To get information about a stored named graph, including its schema, one can use gds.graph.list.

4.2.2. Node projections

A node projection enables mapping Neo4j nodes into the in-memory graph. When specifying a node projection, we can declare one or more node labels that we want to project.

The following map-like syntax shows the general way of defining node projections:

{
    <node-label-1>: {
        label: <neo4j-label>,
        properties: <node-property-mappings>
    },
    <node-label-2>: {
        label: <neo4j-label>,
        properties: <node-property-mappings>
    },
    // ...
    <node-label-n>: {
        label: <neo4j-label>,
        properties: <node-property-mappings>
    }
}
  • node-label-i denotes the node label used in the projected graph

    • neo4j-label denotes the node label in the Neo4j graph

      • The label must exist in the Neo4j database
      • If not specified, neo4j-label defaults to node-label-i
    • node-property-mappings denotes a set of mappings between Neo4j and in-memory properties

In the following example, we want to project Person nodes into the in-memory graph. The resulting graph contains all Neo4j nodes that have the label Person.

CALL gds.graph.create(
    'my-graph', {
        Person: { label: 'Person' }
    },
    '*'
)
YIELD graphName, nodeCount, relationshipCount;

We can use the following shorthand syntax to project a single node label.

CALL gds.graph.create('my-graph', 'Person', '*')
YIELD graphName, nodeCount, relationshipCount;

It is often useful to create an in-memory graph representing more than one node label. Let’s assume, the database contains Person and City nodes which we want to project.

CALL gds.graph.create(
    'my-graph', {
        Person: { label: 'Person' },
        City: { label: 'City' }
    },
    '*'
)
YIELD graphName, nodeCount, relationshipCount;

The following shorthand syntax can be used to project multiple labels.

CALL gds.graph.create('my-graph', ['Person', 'City'], '*')
YIELD graphName, nodeCount, relationshipCount;

Projecting multiple node labels enables algorithms to only use a subset of those.

// Uses `Person` nodes for computing Page Rank scores between persons
CALL gds.pageRank.stream('my-graph', { nodeLabels: ['Person'] }) YIELD nodeId, score;

To project all nodes in the Neo4j graph, we can use the special * ('star') node projection.

CALL gds.graph.create('my-graph', '*', '*')
YIELD graphName, nodeCount, relationshipCount;

When a graph uses the special star projection, additional nodes from named node projections are not added additionally as the star projection already contains them. This also applies to filtering. For example, if a graph was projected with labels 'A', 'B' and also with the special star '*', any node filtering that includes the star is equivalent to using only the star. It is however still possible to filter for nodes with label 'A' or 'B' in order to retrieve a subgraph containing only those nodes.

Example usage of node label filters: 

CALL gds.graph.create('myGraph', ['Person', 'City', '*'])

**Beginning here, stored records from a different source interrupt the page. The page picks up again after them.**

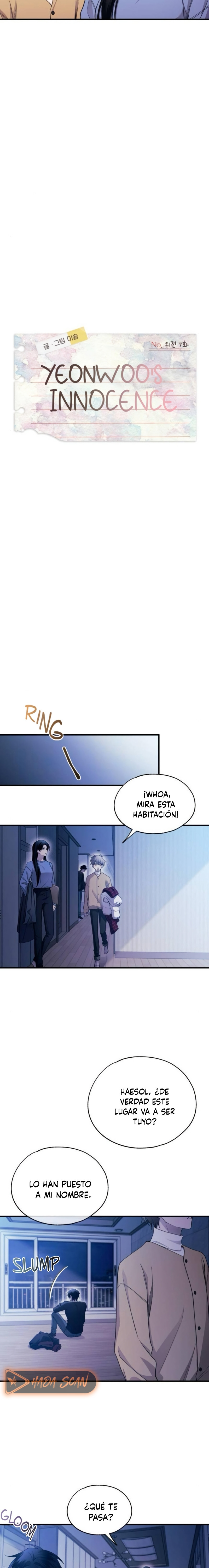 Quiero tu Inocencia Capítulo 213 - Page 5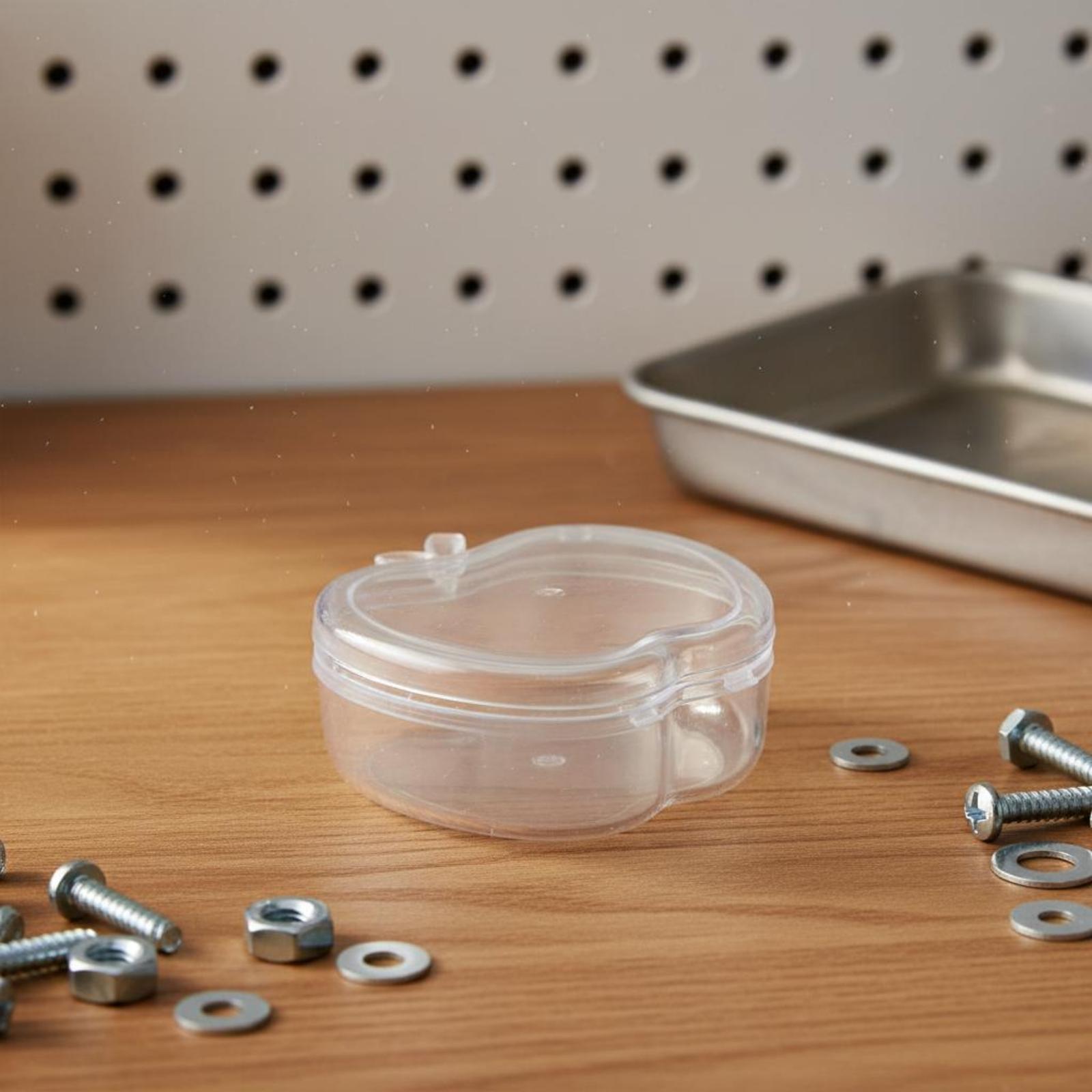 Boîte de rangement en plastiqu - Travel Accessories Jewelry avis et prix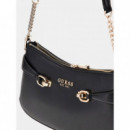 Bolso Al Hombro Lorelei de GUESS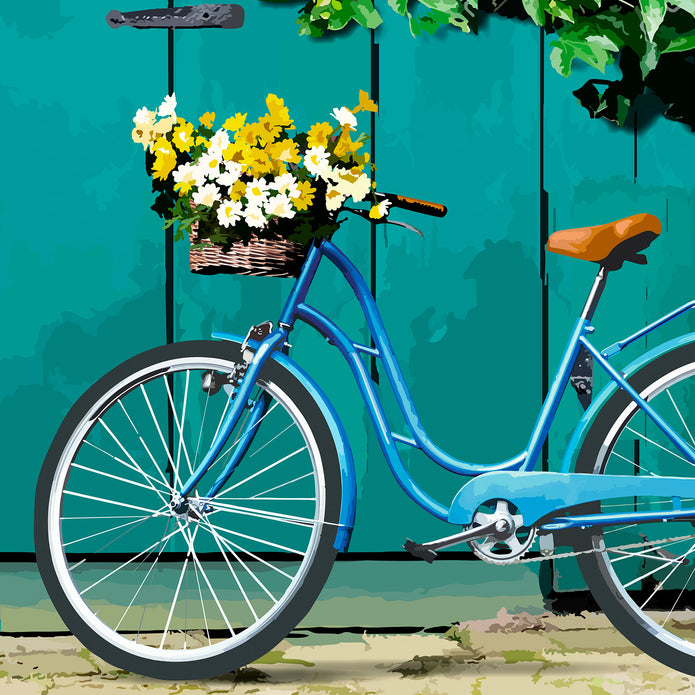 Blue Cruiser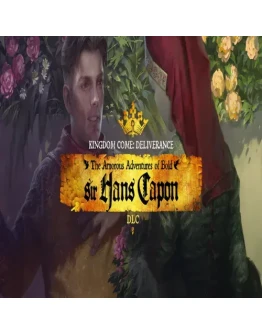 Kingdom Come: Deliverance The Amorous Adventures o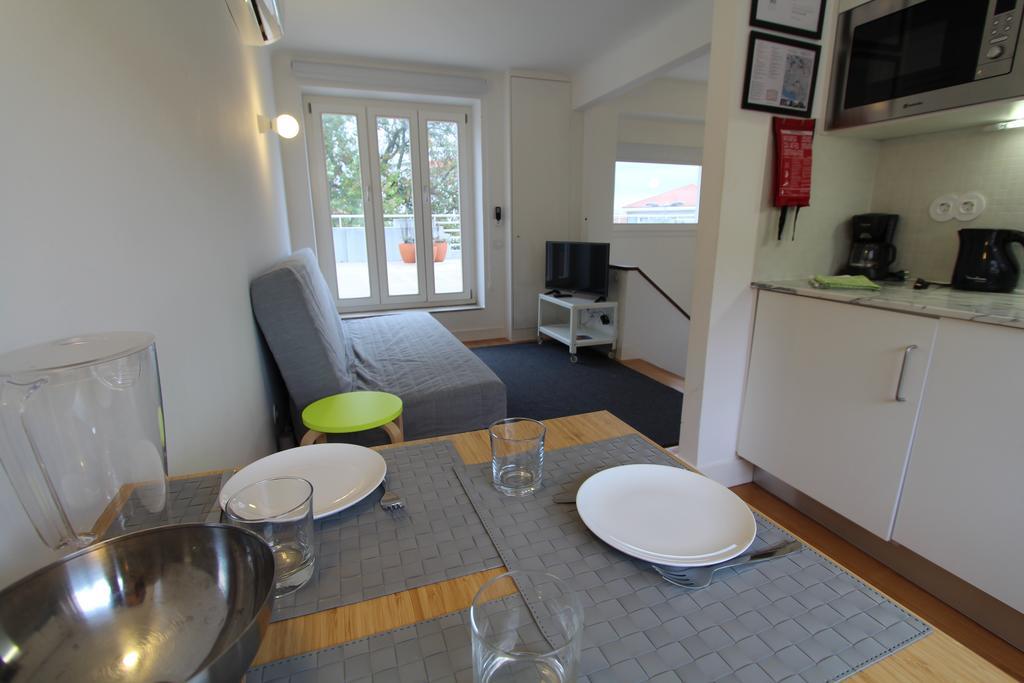 Opo.Apt - Art Deco Apartments In Oporto'S Center Luaran gambar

 // using all nodes projected in 'myGraph' (the star projection)
CALL gds.pageRank.stats('myGraph', {nodeLabels: ['*']})
CALL gds.pageRank.stats('myGraph', {nodeLabels: ['Person', 'City', '*']}) // equivalent
CALL gds.pageRank.stats('myGraph') // equivalent

// will use only nodes projected as 'Person' in 'myGraph'
CALL gds.pageRank.stats('myGraph', {nodeLabels: ['Person']})

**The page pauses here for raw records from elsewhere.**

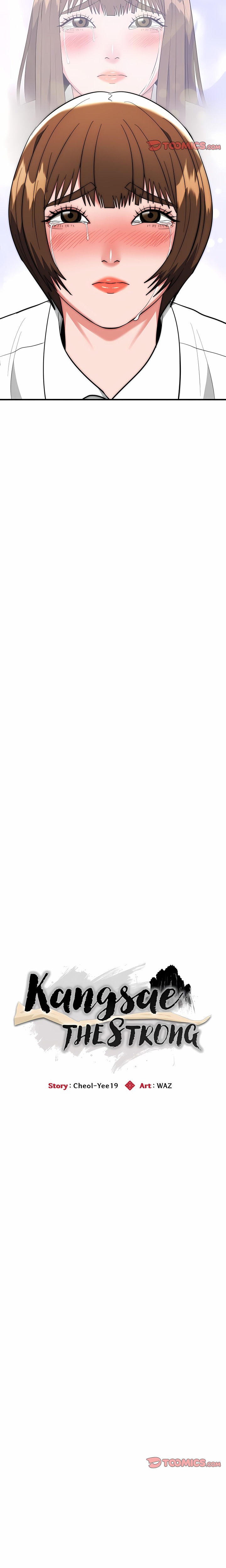 Kangsae the Strong (Uncensored) Chapter 39 - Page 2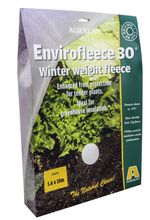 Garden Fleece Frost Protection 30g Agralan Envirofleece® Crop Protect Multilist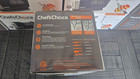 New Edgecraft Chef s Choice Precision Edge 3-stage Electric Knife Sharpener Nib
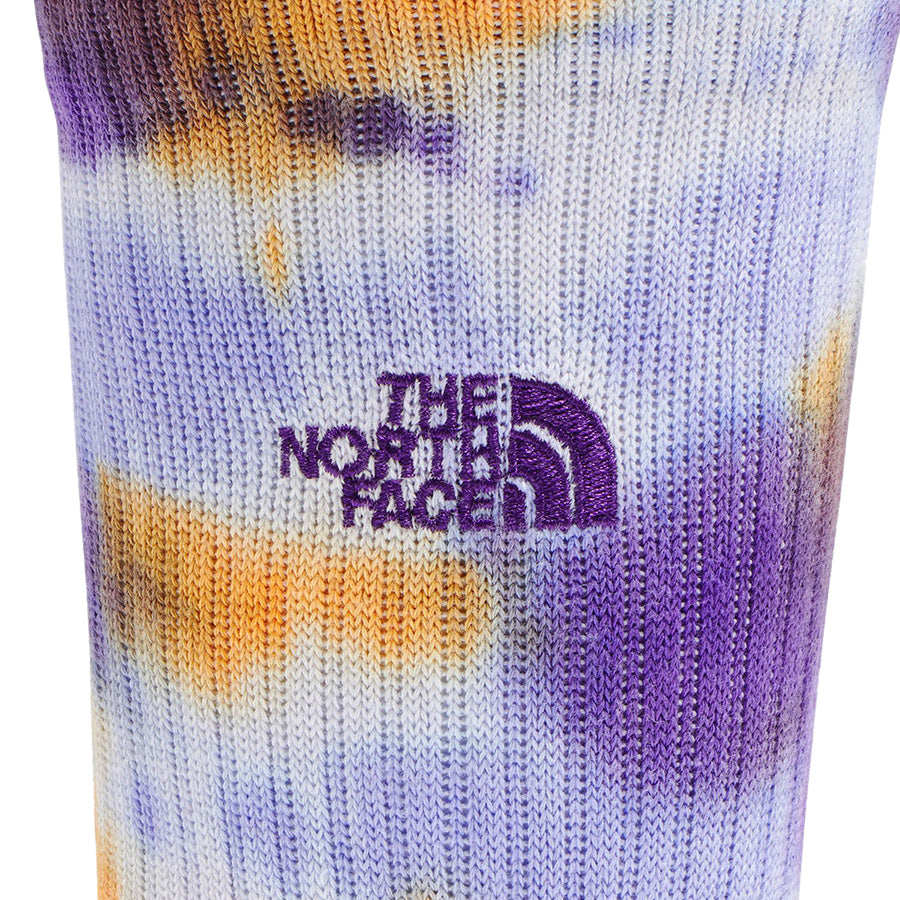 THE NORTH FACE ( ザ・ノース・フェイス ) Tie Dye Crew ソックス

// will use nodes projected as 'Person' or 'City' in 'myGraph'
CALL gds.pageRank.stats('myGraph', {nodeLabels: ['Person', 'City']})

4.2.2.1. Node properties

It is often useful to load an in-memory graph with more than one node property. A typical scenario is running different seedable algorithms on the same graph, but with different node properties as seed. We can load multiple node properties for each node projection using node property mappings. A node property mapping maps a user-defined property key to a property key in the Neo4j database. Any algorithm that supports node properties can refer to these user-defined property keys. For more information about the supported property types see Node Properties.

{
    <node-label>: {
        label: <neo4j-label>,
        properties: {
            <property-key-1>: {
                property: <neo-property-key>,
                defaultValue: <fallback-value>
            },
            <property-key-2>: {
                property: <neo-property-key>,
                defaultValue: <fallback-value>
            },
            // ...
            <property-key-n>: {
                property: <neo-property-key>,
                defaultValue: <fallback-value>
            }
        }
    }
}
  • property-key-i denotes the property key in the projected graph

    • neo-property-key denotes the property key in the Neo4j graph

      • The property key must exist in the Neo4j database
      • If not specified, neo-property-key defaults to property-key-i
    • fallback-value is used if the property does not exist for a node

      • If not specified, fallback-value defaults to the respective fallback value of the properties type.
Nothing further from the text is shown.